The equivalent of partitioning streams in Flink is `stream.keyBy(…)`. All messages of the same key would then go to the same parallel downstream operator instance. If its an ElasticsearchSink, then following a keyBy all messages of the same key will be batched by the same ElasticSearch writer.

Hope this helps!

Cheers,
Gordon

[1] https://ci.apache.org/projects/flink/flink-docs-release-1.3/concepts/runtime.html

On 8 August 2017 at 8:58:30 AM, Jakes John (jakesjohn12345@gmail.com) wrote:

I am coming from Apache Storm world. I am planning to switch from storm to flink. I was reading Flink documentation but, I couldn't find some requirements in Flink which was present in Storm.
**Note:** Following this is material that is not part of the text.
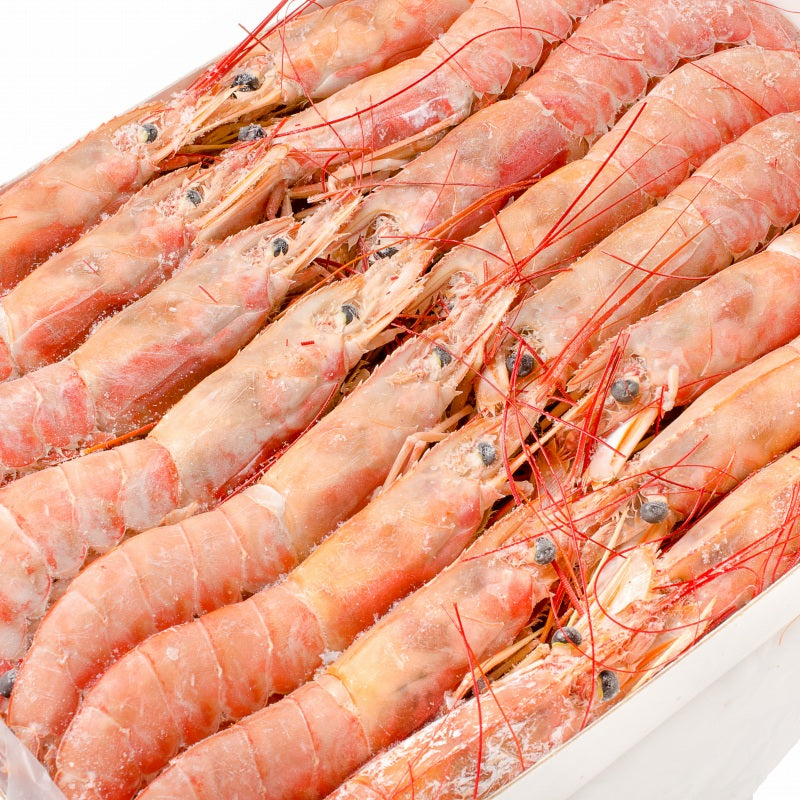 赤海老 4kg 超特大L1 20〜40尾 業務用2kg×2箱・4kg お刺身用赤えび。ぼたん海老を超える希少な超特大 大きくプリプリの赤海老は甘みが違う。【赤えび 赤エビ あかえび アカエビ アルゼンチン 寿司 バーベキュー BBQ】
I need to have a streaming pipeline Kafka->flink-> ElasticSearch. In storm, I have seen that I can specify number of tasks per bolt. Typically databases are slow in writes and hence I need more writers to the database. Reading from kafka is pretty fast when compared to ES writes. This means that I need to have more ES writer tasks than Kafka consumers. How can I achieve it in Flink? What are the concepts in Flink similar to Storm Parallelism concepts like workers, executors, tasks?
I saw the implementation of elasticsearch sink in Flink which can do batching of messsges before writes. How can I batch data based on a custom logic? For eg: batch writes grouped on one of the message keys. This is possible in Storm via FieldGrouping. But I couldn't find an equivalent way to do grouping in Flink and control the overall number of writes to ES.

Please help me with above questions and some pointers to flink parallelism.